The average number of downloads in developing markets was 70% higher than the average in developed markets, with India, Brazil, and Indonesia accounting for nearly half of all downloads globally.
Like in Africa, Covid and increased market spending drove the majority of this market growth. According to the report, the number of remarketing conversions tripled globally between Q1 2020 and Q1 2021, with total spend reaching $1.2 billion in Q1 alone.
5. Increased Incoming Investment:
Over the last two years, the fintech sector has led the way in terms of VC investment into the region.
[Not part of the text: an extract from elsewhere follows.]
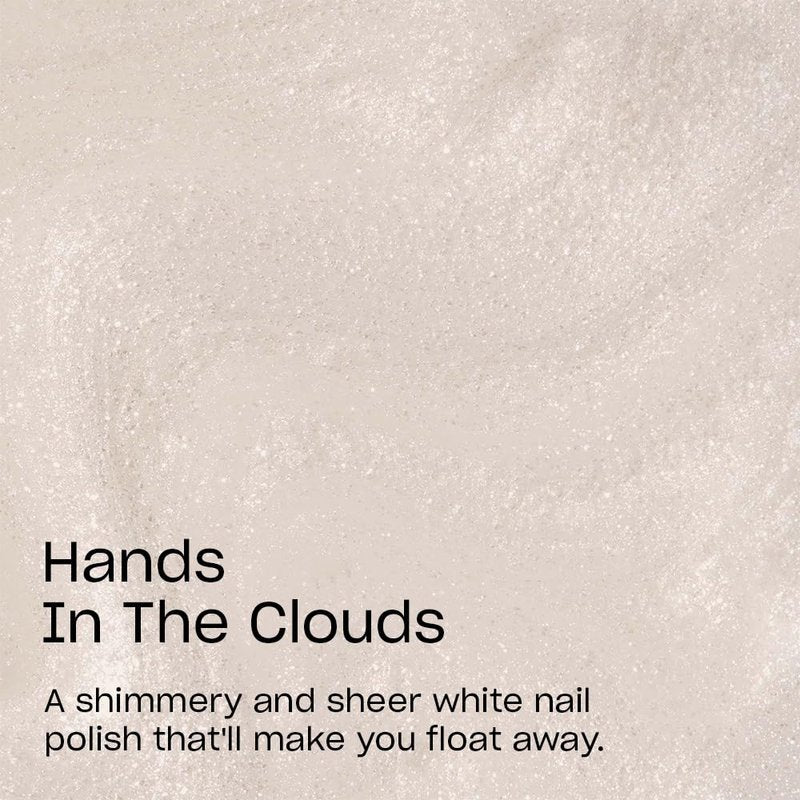 OPI Nail Lacquer Hands In The Clouds | Sheer Pastel White Shimmer Chip Resistant Nail Polish | OPI'm Dreaming Collection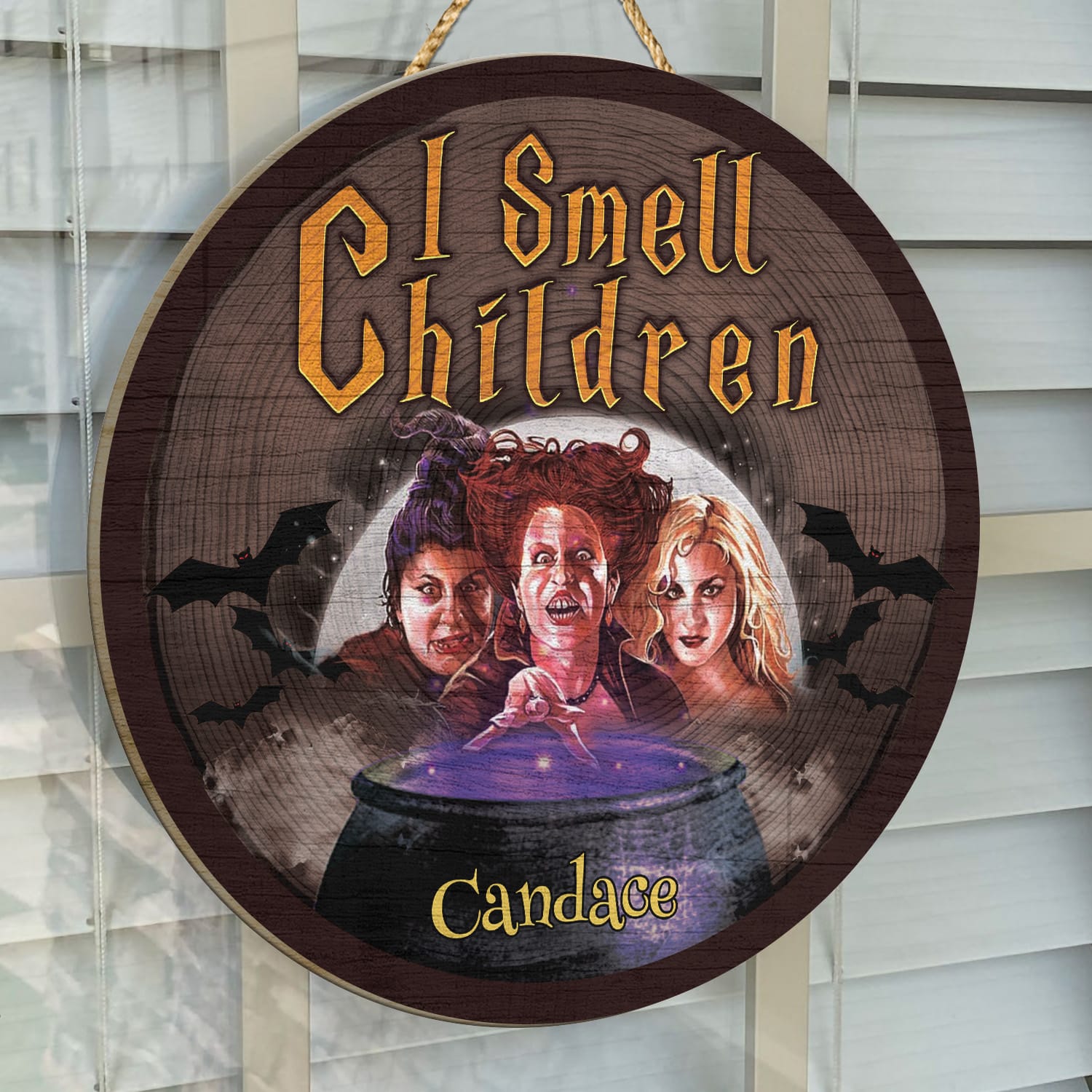 5KNG. Smell Children (Sample Design) Door Sign Mockup 14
The large numbers that are frequently reported indicate that these fintech solutions are reaching a large portion of the region’s population.
These enticing figures act as an aphrodisiac, luring more investors to the region. Paystack and Flutterwave are perfect examples of companies that have already made a name for themselves in the market.
In summary, the COVID-19 pandemic has accelerated the global adoption of financial technology, particularly in emerging markets.
Several finance apps have emerged, allowing millions of consumers and businesses to stay connected.
The rapid growth in the first quarter of 2021 alone indicates that the trend is likely to continue, and understanding how to best market their apps will be critical for African fintech to expand its customer base.
However, in countries like Nigeria, where regulations change frequently, FinTechs must be flexible and innovative to stay ahead of the curve.